== Records shown

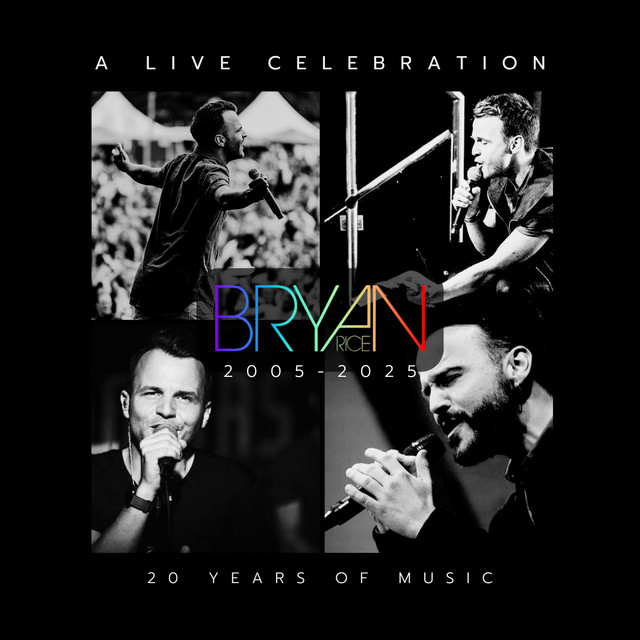 A Live Celebration - 20 Years Of Music cover art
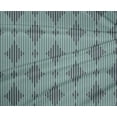 thumbnail image 4 of oneOone Polyester Lycra Fabric Stripe & Diamond Geometric Print Fabric By The Yard 56 Inch Wide, 4 of 4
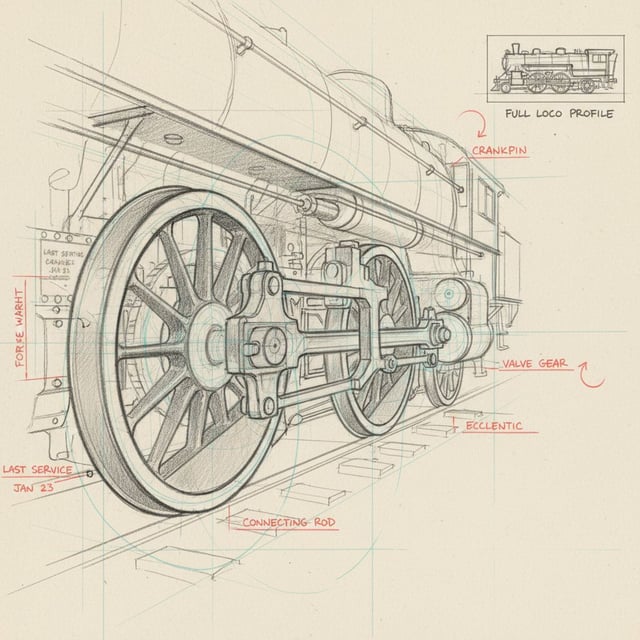 Sketchbook Rough Style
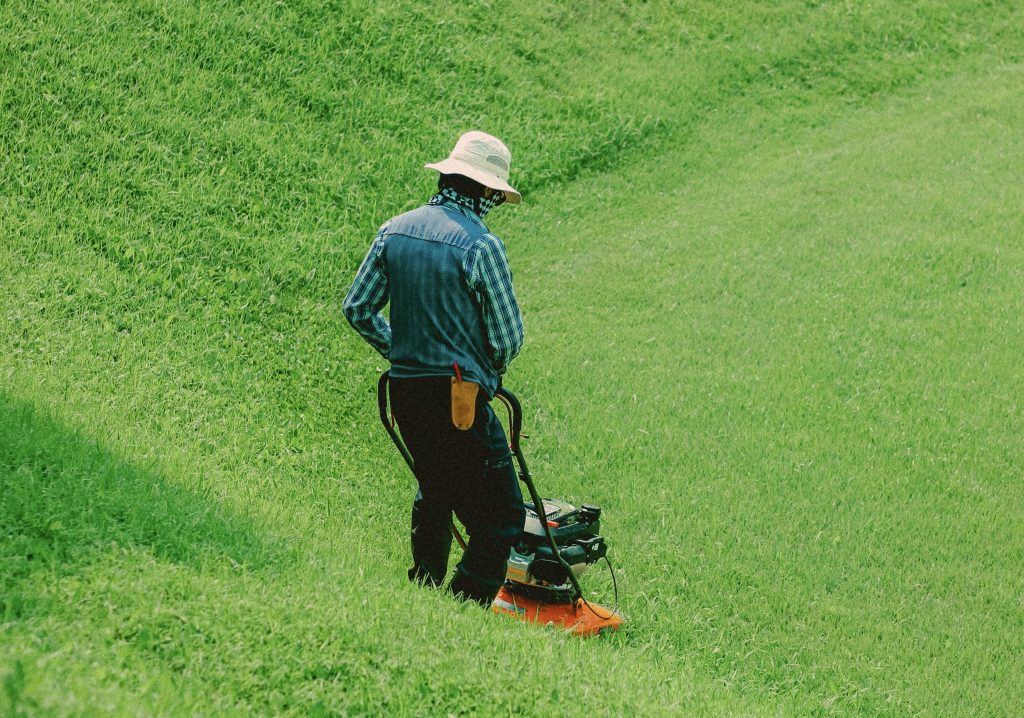 Landscape Maintenance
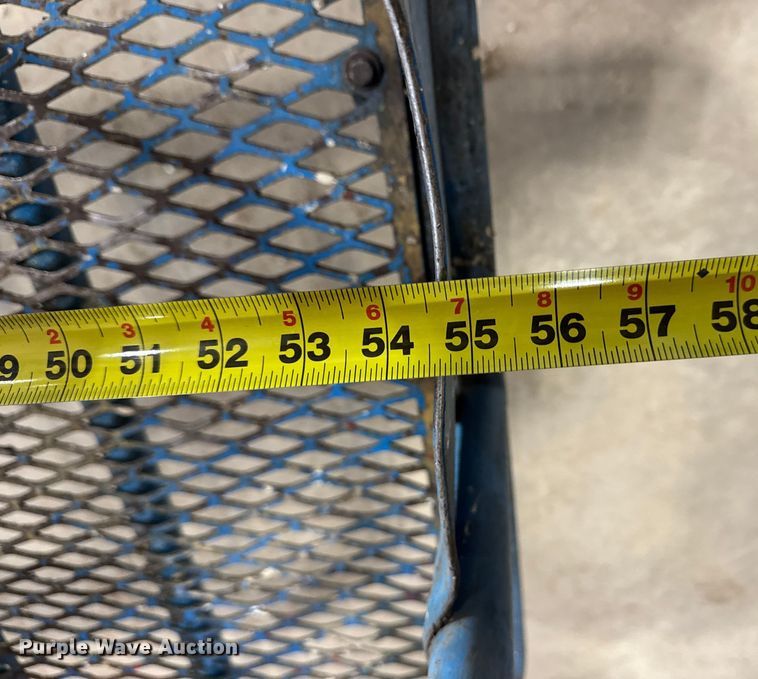 image for item EN0647 2010 Genie Z-34/22N boom lift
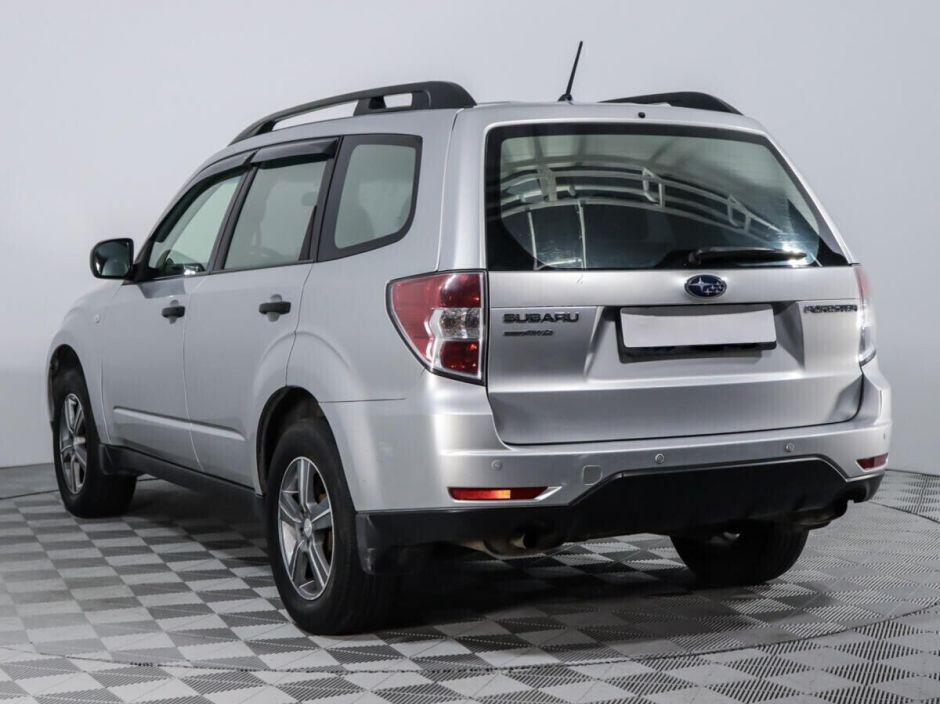 Subaru Forester, 2.0 л, АТ, 2011 фото 6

====

Write every entry again exactly as given, skipping the pictures.

 A Live Celebration - 20 Years Of Music cover art
 thumbnail image 4 of oneOone Polyester Lycra Fabric Stripe & Diamond Geometric Print Fabric By The Yard 56 Inch Wide, 4 of 4
 Sketchbook Rough Style
 Landscape Maintenance
 image for item EN0647 2010 Genie Z-34/22N boom lift
 Subaru Forester, 2.0 л, АТ, 2011 фото 6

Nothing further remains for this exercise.